## WHAT TO PRODUCE
Each line in the records below, from the one that contains "(Category: ) located" to the one that contains "New Venetian Gold Granite", should be reproduced exactly, the first and last included.

## DATA IN THIS EXERCISE
______________________________

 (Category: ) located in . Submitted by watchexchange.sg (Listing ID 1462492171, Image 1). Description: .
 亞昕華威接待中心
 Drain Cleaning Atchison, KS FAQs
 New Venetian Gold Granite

______________________________

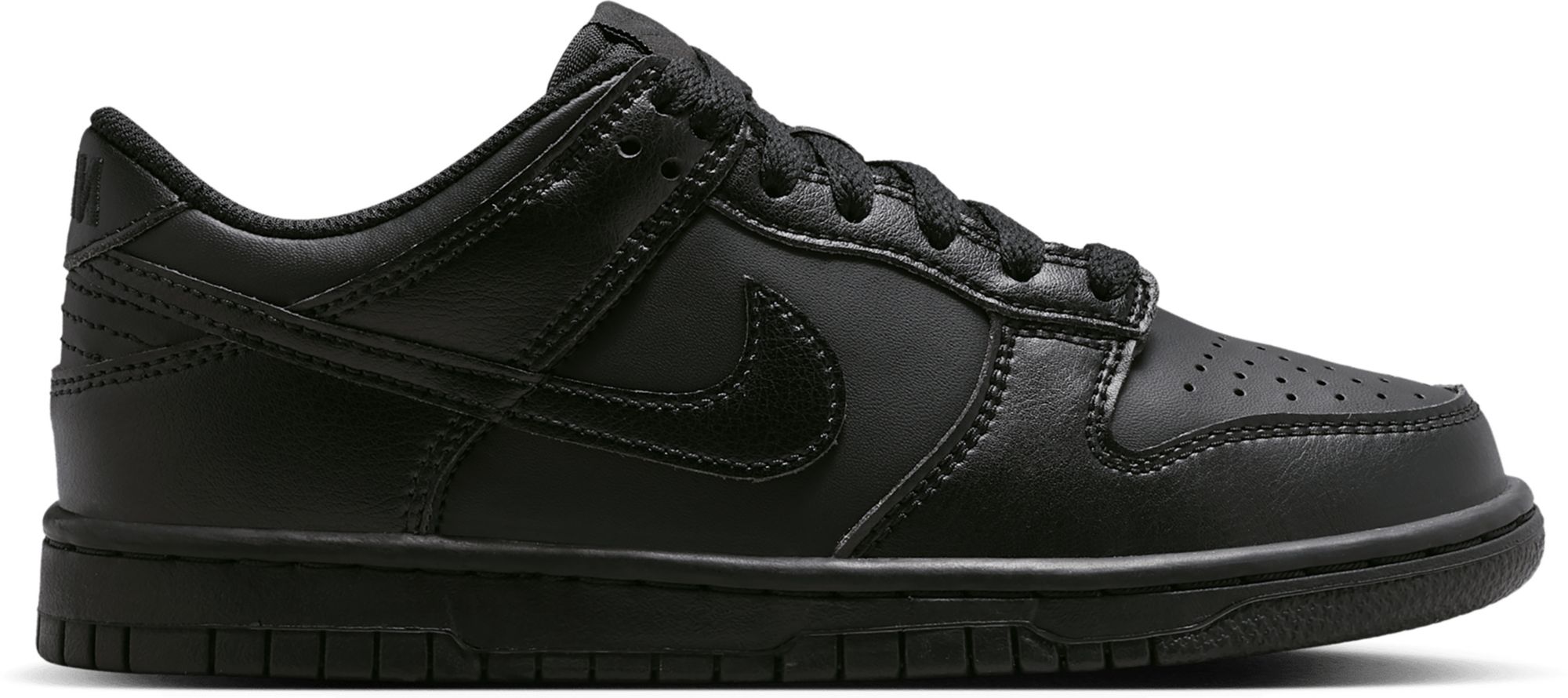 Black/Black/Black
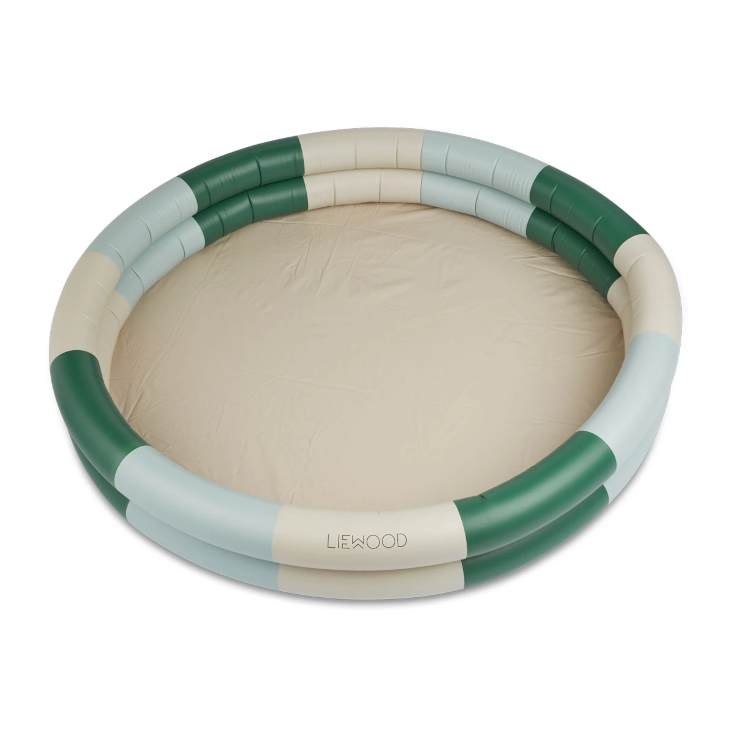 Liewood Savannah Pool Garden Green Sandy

______________________________

## THE COMPLETED TASK
 (Category: ) located in . Submitted by watchexchange.sg (Listing ID 1462492171, Image 1). Description: .
 亞昕華威接待中心
 Drain Cleaning Atchison, KS FAQs
 New Venetian Gold Granite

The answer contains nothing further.